In its affiliation with CBIA, CCER eliminated its finance director and an office manager and data analyst — services already staffed at CBIA, Villar said.
Comer points out that better outcomes are attainable by focusing on rigorous student curriculums, high expectations for teachers and empowered leaders and equitable resources. She warned that the continued exodus out of the state of capable Connecticut youth and workers is the penalty Connecticut will pay if it doesn't pursue these goals.
“You've seen it play out with GE and Aetna,” she noted. “They're not saying, 'We're leaving for tax reasons;' they're leaving primarily for talent reasons. Academia is saying, 'We need to listen to business and meet their workforce needs.' ”
However, in many ways, businesses are already engaged, Comer said. CBIA's Education and Workforce Partnership website promotes continued implementation of education reforms that use metrics to measure outcomes and programming that addresses the skills gap and aligns with the needs of Connecticut's leading and emerging industries.
She cited the Academy of Engineering and Green Technology in Hartford as a good model.

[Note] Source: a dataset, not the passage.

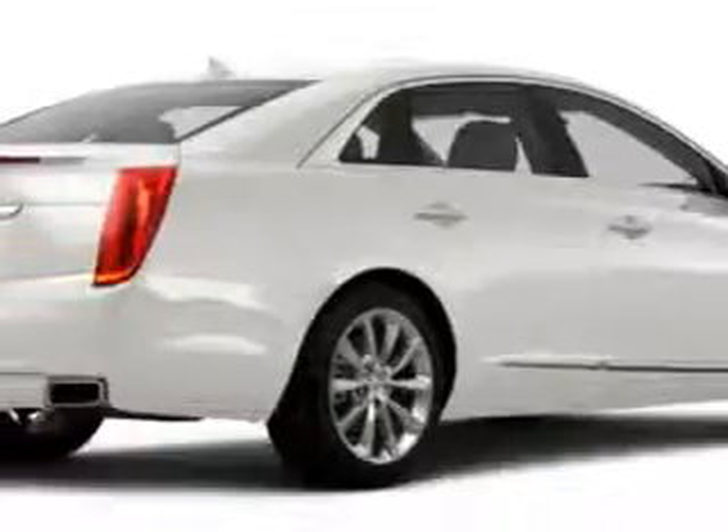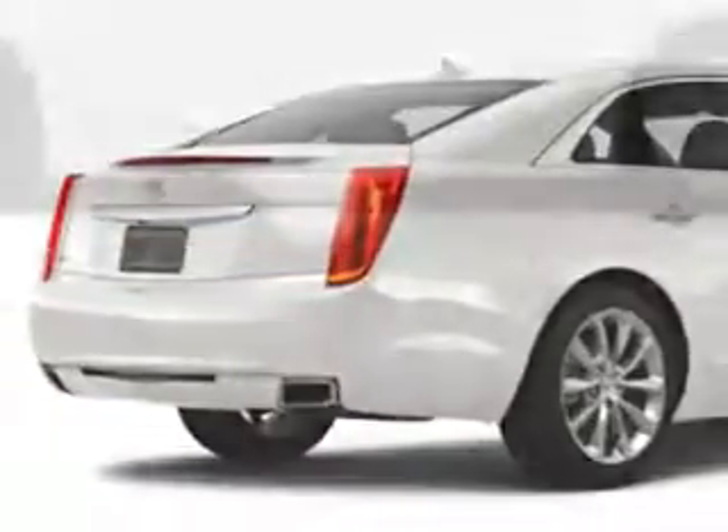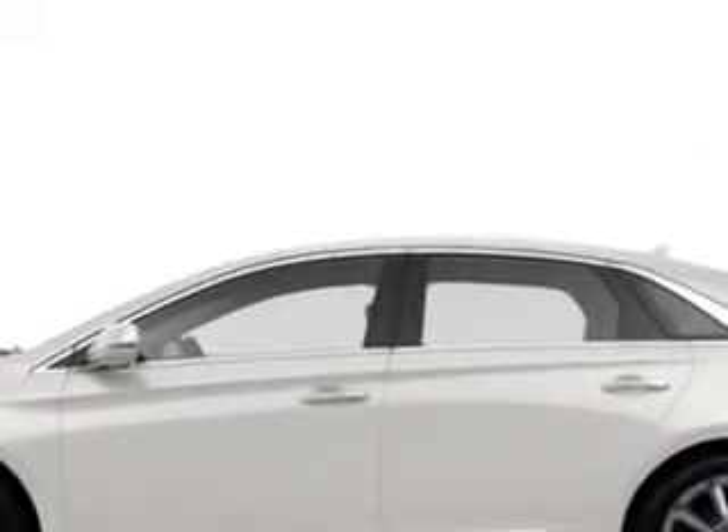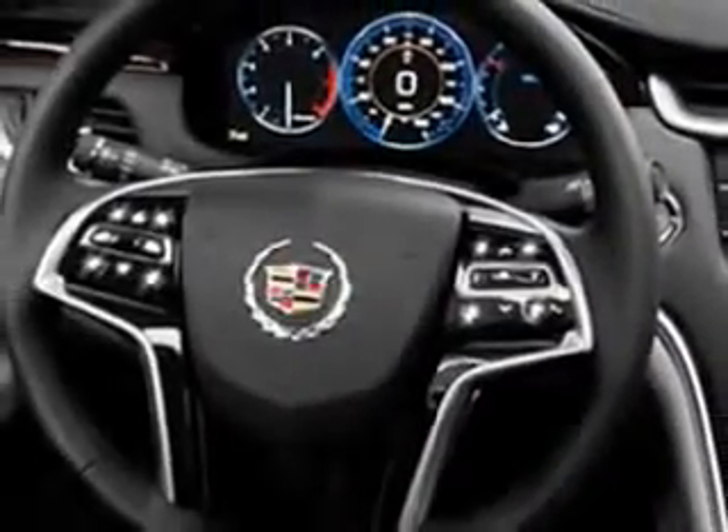Enjoy an impressive 28 miles to the gallon on this great car, with features like Sirius XM Satellite Radio, OnStar Communications System with 1 Year of Directions and Connections Plan, and Driver-Side Auto-Dimming Exterior Mirrors.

It has an active industry-led advisory board, engages students in project-based learning opportunities, and connects pupils with internships and mentoring. United Technologies and Pratt & Whitney fund the effort, she said.
CCER's most influential work traces back to 2012 when it advocated for many of the proposals adopted in a large education-reform package, including creation of the Office of Early Childhood, which brought under one agency and expanded preschool resources, and the Alliance District Program, which allows for state intervention in the lowest-performing school districts.
The law also more closely linked teacher tenure to performance, Villar said.
As the newly formed group begins to craft its next policy agenda and initiatives, other organizations including Achieve Hartford, a business-backed education reform group, and the teacher's labor union, AFT Connecticut, are eager to hear their ideas or collaborate.
“I don't think it's a secret we've fought over policy with both CBIA and CCER,” said Jan Hochadel, the labor union president, citing charter school funding as an example. Nonetheless, she said she's eager to have conversations with the new group regarding issues like STEM (science, technology, engineering and math) education and manufacturing jobs.
“There's enough areas where we do have some common ground, that I think we can find areas we can work on together for common good for the students and families in Connecticut,” Hochadel said.
Paul Holzer, executive director of Achieve Hartford, agrees, saying he's hoping to see results that will lead broadly to a stronger Connecticut workforce and economy.
CBIA sits on the steering committee for Achieve Hartford's ALL IN! Coalition, which seeks to help Hartford youth complete public high school as they make their way toward college or the workforce. One action team's goal is to decrease by 10 percent “summer melt,” which is the failure of graduates accepted to college in the spring to show up in the fall.
“What we're doing at the city level, I want CBIA and CCER to do at the state level,” Holzer said. “I look forward to exploring how we'll work with [them].”
The CT Council for Education Reform helped influence passage of two education bills in 2017.
House Bill 7205: Early literacy support for grades K-3; requires results of annual reading surveys provided to teachers to be shared with supervisors and used to help develop professional development.
House Bill 7251: Establishes a reform district turnaround plan, enhancing training for boards of education for underperforming school districts.